On the 12th of December, 1885, I received from Governor Hoadley an official letter notifying me, as president of the Senate, that a marble statue of General Garfield had been placed in the hall of the old House of Representatives, in pursuance of the law inviting each state to contribute statues of two of its eminent citizens, and saying:
"It is hoped that it may be found worthy of acceptance and approval as a fit contribution from this state to the United States, in whose service President Garfield passed so much of his life and whose chief executive officer he was at the time of his death."
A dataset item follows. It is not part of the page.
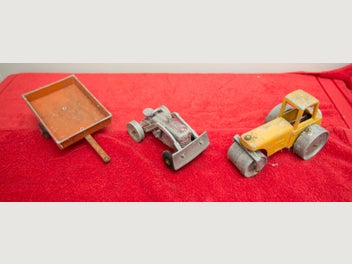 Image 1 of 6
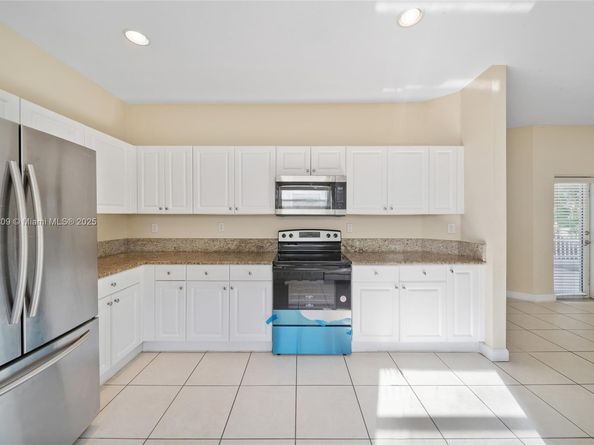 3641 NE 4th St, Homestead FL 33033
On the 5th of January, 1886, I submitted to the Senate, in connection with Governor Hoadley's letter, concurrent resolutions returning the thanks of Congress to the Governor, and through him to the people of Ohio, for the statue, and accepting it in the name of the nation. In presenting these resolutions I expressed at considerable length the estimate of the people of Ohio of the character and public services of Garfield, and closed as follows:
"The people of Ohio, among whom he was born and bred, placed his image in enduring marble in the silent senate of the dead, among the worthies of every period of American history, not claiming for him to have been the greatest of all, but only as one of their fellow-citizens, whom, when living, they greatly loved and trusted, whose life was spent in the service of his whole country at the period of its greatest peril, and who, in the highest places of trust and power, did his full duty as a soldier, a patriot, and a statesman."
The resolutions were then adopted.
The legislature of Ohio that convened on the 3rd of January, 1886, was required to elect a Senator, as my successor, to serve for six years following the expiration of my term on the 4th of March, 1887. The Republican members of the legislature held an open joint caucus on the 7th of January, and nominated me for re-election, to be voted for at the joint convention of the two houses on the following Tuesday. The vote in the caucus was unanimous, there being no other name suggested. The legislature was required to meet an unexampled fraud at the recent election, practiced in Hamilton county, where, four Republican senators and eleven Republican members had been chosen. A lawless and desperate band of men got possession of the ballot boxes in two or three wards of the city of Cincinnati, broke open the boxes and changed the ballots and returns so as to reverse the result of the election of members of the legislature. These facts were ascertained by the finding and judgment of the circuit and supreme courts, but the supreme court held that the power to eliminate such frauds and forgeries did not reside in the courts but only in the senate and house of representatives of the state, respectively. Each house was the judge of the election of its members. This palpable and conceded fraud had to be acted upon promptly. The house of representatives, upon convening, appointed a committee to examine the returns, and on the fifth day of the session reported that the returns were permeated with fraud and forgeries, and that the persons elected and named by the committee were entitled to seats instead of those who held the fraudulent certificates of election. Without these changes the Republican majority was three on joint ballot. The report was adopted after a full and ample hearing, and the Republican members were seated.
In the senate a committee was also appointed and came to the same conclusion. The senators holding the fraudulent certificates claimed the right to vote on their own cases, which was denied by Lieutenant Governor Kennedy, the presiding officer, and the Republican senators were awarded their seats, but this did not occur until some months after the election of United States Senator, which took place on the 13th of January, when I was duly elected, receiving in the senate 17 votes and Thurman 20, and in the house 67 votes and Thurman 42, making a majority of 22 for me on joint ballot.
I was notified at Washington of my election and was invited to visit the legislature, members of the senate and house of both parties concurring. It so happened that at this time I had accepted an invitation from President Cleveland to attend a diplomatic dinner at the White House. I called upon him to withdraw my acceptance, and, on explaining the cause, he congratulated me on my election.